I mean, from a biological perspective: Humans, orcs and elves all have the same bodyplan, they can be assumed to have similar niches, even though we can assume through their stockier frame that orcs are less on the 'long distant pursuit hunters' that we owe our own bipedal-ness to, and more of the 'strong ambush hunters'. They're also very closely related enough they can interbreed so using what we know about ourselves and our extinct relatives gives us a window into what hypothetical things orcs may do

Birds and pigs nuture their young, as do humans.
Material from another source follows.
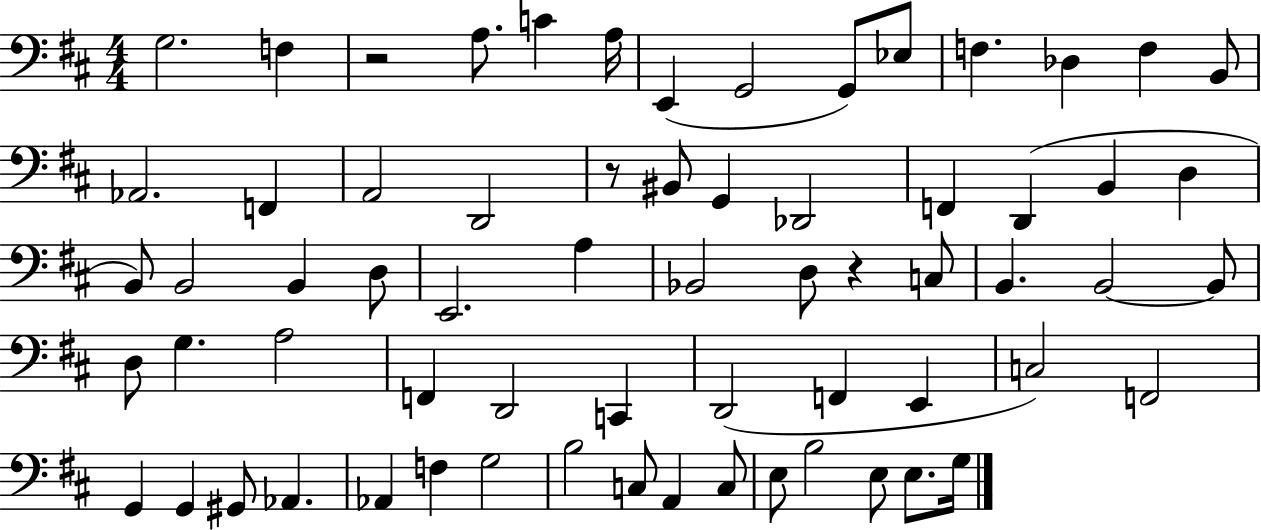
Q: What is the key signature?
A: D major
We know that orcs have singular babies so we can remove squids from it, as squids are of the 'release a massive amount of eggs into the ocean and then die immediately afterwards' type.
 

No, what I meant by 'coherent' was that the words in the language would mean something instead of just being random syllables. Not everybody is like Tolkien and has the time and the skill to create an entire language from scratch, so reusing an existing language could be a substitute for that

If you absolutely feel the need to use an "existing language" for an entirely evil race, fine. But there are plenty of fictional ones to use, instead of ones used by real people. Klingon, the Black Speech, Valyrian... I'm sure you can use one of these and people won't find it immersion breaking. At least, not more than your hobgoblins speaking Japanese.